The cynic in me may in retrospect reconsider the first thing he ever said to me, to call him back on land line, as a manipulative gesture to get me in a compliant mood. But that would be too paranoid -- wouldn't it?

There are a few issues to consider about this encounter:

1. What was his motive? Perhaps he confused me for a hungry young hot shot, and wanted to use my excitement for his own ends. Perhaps a clear-cut switch-a-roo to get me to work on his event, "stealing" me from mine. Thus, bringing the conversation to where he wants it.

Then again, maybe he was just trying to end the conversation non-confrontationally.

2. His main tricks, in order were: change subject, switch-a-roo, get back together in 2 days.

3. What can you do to counter such tricks? After all, you may not always have a quick wit about you, or know the specific tricks.

The answer is similar to holding your own in politics: Stay on message.
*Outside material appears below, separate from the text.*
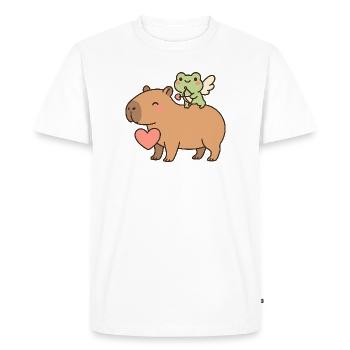 Capybara & Grenouille Cupidon – Motif de la Saint-Valentin - T-shirt Premium bio Homme - blanc - Devant - Nico (187cm)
Know what your message is and stick to it. Others may try to confuse you, throw you off, and introduce a red-herring such as sending it for discussion in committee. Stay on message.

4. More importantly, the conversation made it clear it is quite possible he has no political power on this front, and thus can't give me what I want anyway.

Which brings us to...

5. What is your goal?
I kept going as I wanted to convince him, and after a fashion, I did get the best possible alternative result. But why keep at it if it won't achieve my goal?

Two tricks such as he used can be excuses as part of natural discussion, at the third, why keep at it? By this time it is clear to both sides what's going on and no positive result can come out of it.

More importantly, my purpose is to achieve a goal, and if I am not going to, why stay on a call that is probably uncomfortable for at least one of the sides, and as sure as the sky is blue, wastes my time?

If my purpose is not adversarial, why treat the situation as a battle? Cooperative discussion is a much better approach. As no cooperation was likely to happen, keeping the discussion going was pointless.

In summary, it didn't work out. But you should not get me wrong, I have a lot of respect for the guy. But it was one of the more fascinating five minutes in my life these past few months.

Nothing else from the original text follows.